Aevex disclosed that the Phoenix Ghost family uses "visual-based navigation to autonomously identify and follow landmarks or features in their environments, enabling precise positioning and pathfinding" without relying on satellite navigation. Read that again. These drones don't use GPS. They look at the ground, compare what they see to stored reference imagery, and figure out where they are by matching visual features. It's conceptually similar to how a pilot navigates by looking at a map and comparing it to the terrain below, except the drone does it autonomously using machine learning.
The implications for Ukraine are hard to overstate. Russia's entire counter-drone electronic warfare strategy is built around denying GPS. Systems like the Pole-21 create GPS denial zones extending tens of kilometres. The Krasukha-4 jams multiple navigation and communication bands at once. Against GPS-dependent drones, these systems are devastating. Against a drone that navigates by vision? GPS jamming is irrelevant. The drone doesn't need GPS. It looks at the ground and knows where it is.
This is almost certainly why the programme was classified for so long.
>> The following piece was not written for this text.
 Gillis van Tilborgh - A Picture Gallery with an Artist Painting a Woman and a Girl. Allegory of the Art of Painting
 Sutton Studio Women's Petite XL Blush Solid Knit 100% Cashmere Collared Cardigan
A drone that's immune to GPS jamming is a significant intelligence target. If Russian EW planners understood the navigation method, they could work on countermeasures: visual obscurants, terrain modification, camera-specific interference. Keeping the whole thing secret preserved the operational advantage for over two years. That's a long time in a war that was consuming thousands of drones monthly.
Visual navigation does have edge cases. Night operations, heavy fog, featureless terrain (open water, snow-covered plains, uniform desert) all degrade optical navigation. The system likely incorporates infrared or other sensor modes to deal with some of these, but the physics impose limits.
The Disruptor Numbers
Of the variants Aevex showed, the Disruptor is the one that made the room pay attention.
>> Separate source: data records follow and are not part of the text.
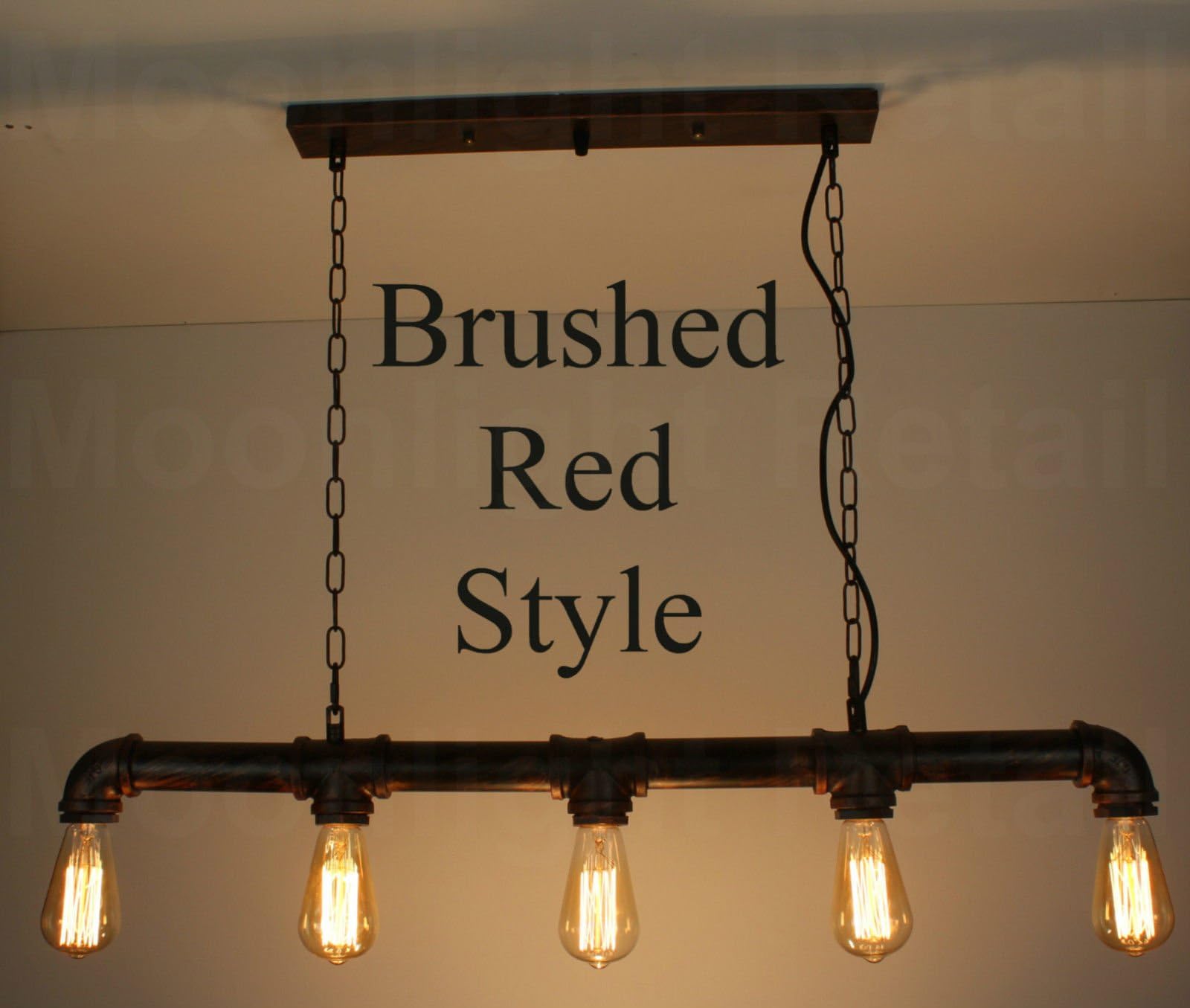 Industrial Steampunk Lighting Iron Pipe Edison Bulb Ceiling Bar Light with Chain - Brushed Red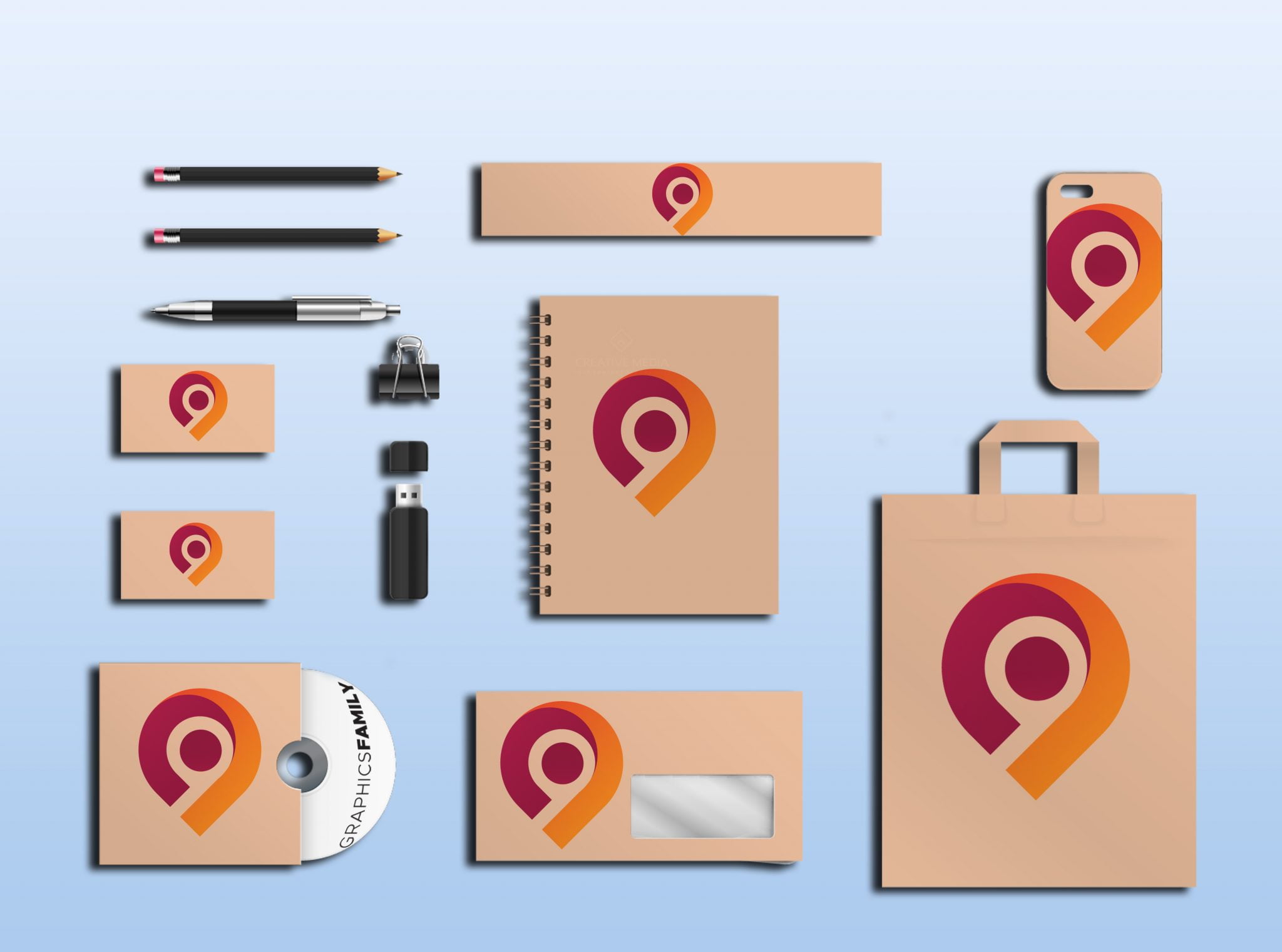 Stationery Mockup with Banner GraphicsFamily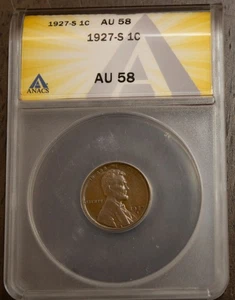 1927 S Lincoln Wheat Cent AU 58 ANACS Lot 2752 - Picture 1 of 2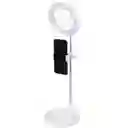 Espejo Con Luz Led Redondo Con Base Celular Blanco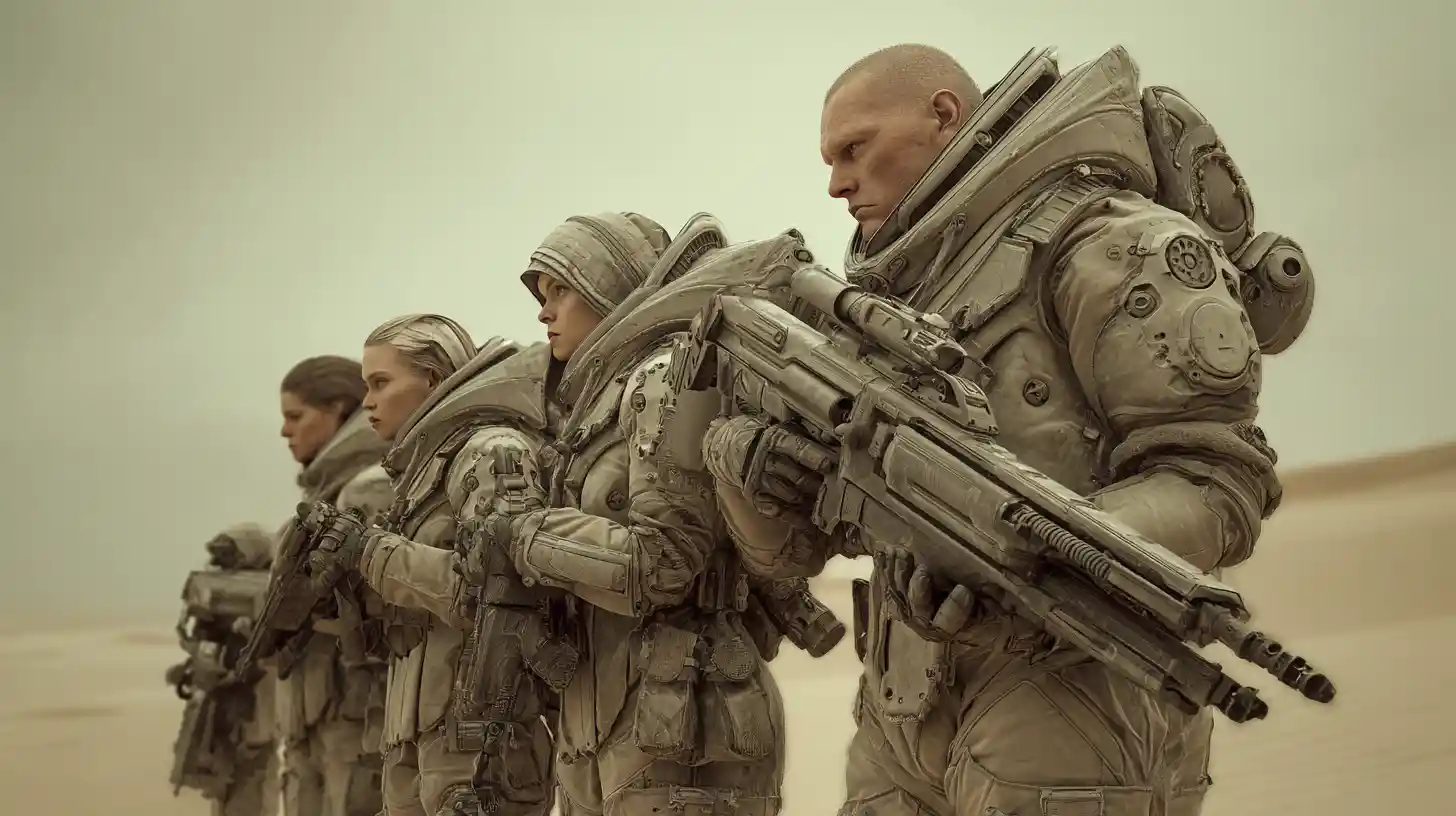 Sci fi marines aiming heavy smartgun on desert battlefield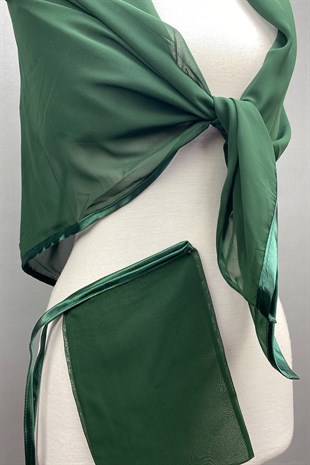 Tuğralı Nakış İşlemeli Biyeli Damat Duvak Örtüsü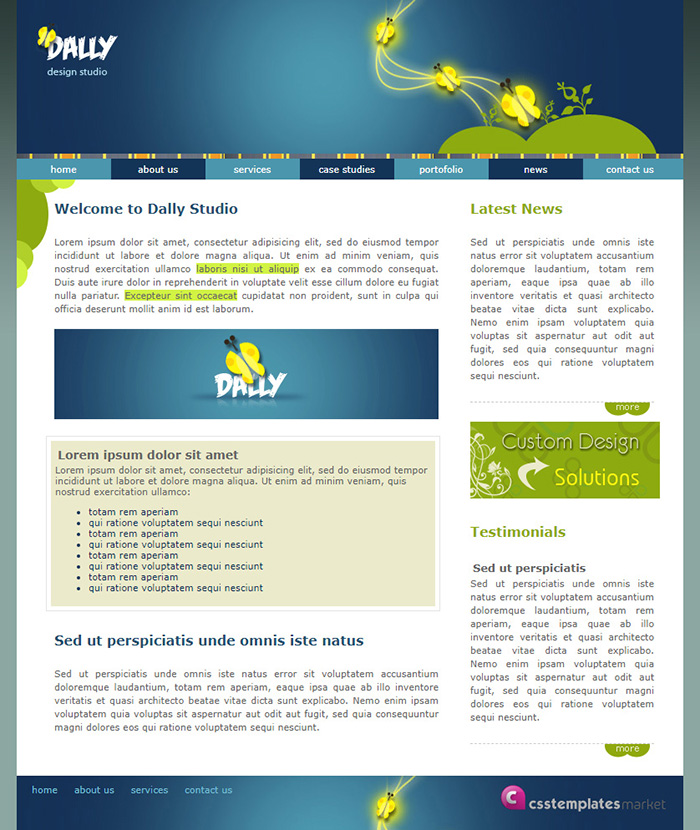 Free Dally Studio Website Template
Standard configuration: 4.5 hours aloft, maximum range of at least 600 kilometres, carrying a 22.5 kg payload. The electronic fuel injection (EFI) variant pushes those numbers to 11.6 hours of endurance and 1,300 kilometres of range.
I want to sit with those figures for a moment. A loitering munition with a 22.5 kg warhead, 1,300 km range, and nearly 12 hours in the air is not a tactical weapon in any normal sense. It's a strategic strike platform that happens to be expendable. The range exceeds the distance from Ukraine's western border to Moscow. The endurance means it can fly hundreds of kilometres, loiter for hours waiting for the right target, and still have fuel left to attack. This is fixed-wing, internal-combustion-powered, nothing exotic about the propulsion. But the performance envelope puts it closer to a cruise missile than to what most people picture when they hear "kamikaze drone."
The Disruptor was reportedly the first Phoenix Ghost variant to reach Ukraine, with deliveries starting in mid-2022.
The Rest of the Family
The other variants fill out the range from medium to light.
The Dagger is 1.8 metres long with a 2.6-metre wingspan. 16 kg max takeoff weight, 3.6 kg payload, up to 80 minutes of endurance, about 190 km range. This is your battalion-level loitering munition, the slot between a man-portable system like the Switchblade 300 and the Disruptor's strategic reach. It competes most directly with the Switchblade 600, though with much better range.
The Atlas is lighter: 9.5 kg total including a 3.7 kg payload, one to two hours of endurance, around 120 km range. Group 2 classification (9.5 to 25 kg). This looks like the workhorse of the family. Light enough for small-unit employment, enough range and endurance for typical tactical missions, and a payload weight that allows a serious warhead.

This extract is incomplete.